Task objective:
Your response should consist solely of the lines from the one containing "6 Shire Court, Greenlawn, NY 11740" through the end of the data, copied exactly.

Source data:

•••

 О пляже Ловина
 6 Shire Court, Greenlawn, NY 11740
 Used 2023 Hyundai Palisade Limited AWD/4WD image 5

•••

Result of this task:
 6 Shire Court, Greenlawn, NY 11740
 Used 2023 Hyundai Palisade Limited AWD/4WD image 5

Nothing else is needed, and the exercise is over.